Mayor Joe Hogsett said the city has been working for 18 months to provide body cameras for its 1,700-officer force. He said the planned deployment was not “necessarily driven” by the recent shootings and subsequent protests.
“What the events last week underscored though is a tragic set of circumstances that affected our entire community,” Hogsett said at a news conference. He said he shares the community’s “heartbreak” over the shootings and also the death of a pregnant woman who was struck by an officer’s car.
Hogsett announced Friday that he had asked the U.S. attorney’s office and the FBI to “actively monitor” the shooting investigations. Marion County’s prosecutor asked a court to appoint an independent prosecutor to handle the investigation into Reed’s shooting.
Reed’s parents also held a news conference Tuesday where they tearfully recalled their son as a happy, lovable young man. An attorney said the family might sue over Reed’s killing during a foot chase.
Jamie Reed has questioned why no police cameras captured footage of his son’s shooting. He said the killing is still unfathomable nearly a week later.
“I just can’t picture why this happened. It just hurts so bad,” he said.
Police Chief Randal Taylor said the deployment of the body cameras would begin sometime between early July and late September. The department hopes to outfit 100 officers a week during the initial rollout, and eventually equip about 1,100 patrol officers, supervisors and specialty units, police spokeswoman Aliya Wishner said.
The city will lease the cameras from a vendor but the contract with that company, Utility, is not yet final, she said.
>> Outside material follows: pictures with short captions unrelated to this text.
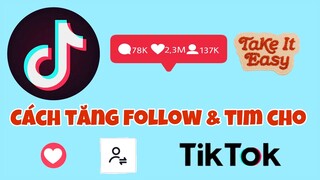 Cách Tăng Follow Và Tim Cho TikTok Cực Đơn Giản | Hồng Ngọc Tourguide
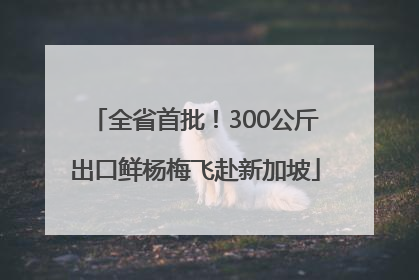 全省首批！300公斤出口鲜杨梅飞赴新加坡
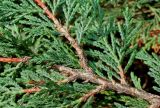 Cupressus &times; leylandii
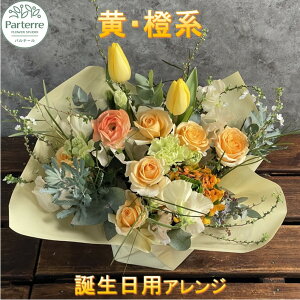 yӂ邳Ɣ[Łzaɑ  G߂̃t[AWg Birthday  a FIׂ j ̓ LO v[g ʉ   ԑ 蕨 C[WJ[ ԍH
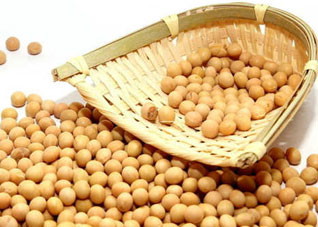 小小黄豆的保健功效不容忽视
The City-County Council funded the $1.2 million effort in the city’s 2020 budget in October. Indianapolis will need to dedicate about $2.4 million annually to support the body camera program in future years, said Taylor Schaffer, a spokeswoman for Hogsett.
“Emotions are running high in our city right now,” Taylor, the police chief, said during the news conference with Hogsett, adding that he understands the frustration over the pace of the body camera program.
Assistant Chief Chris Bailey said the department has implemented technology to support the cameras in the past 18 months, and the necessary upgrades delayed the introduction of the cameras on the force.
“Trying to cram a bunch of new technology in at the same time really sets you on a path to disaster if you don’t do it in the correct way,” Bailey said.
The cameras will automatically start recording via a computer-aided dispatch program that assesses what officers are doing, he said.
Taylor and Hogsett also announced the planned creation of a police use-of-force review board staffed by merit-ranked officers and civilians appointed by the police chief. That panel, which is expected to be in place within the next few months, will replace an existing police firearms review board that has no civilian members, Wishner said.
The new review board would investigate police shootings, stun gun use, and altercations involving officers. It will determine whether the officer’s actions were within departmental policy but won’t have the authority to recommend officer discipline.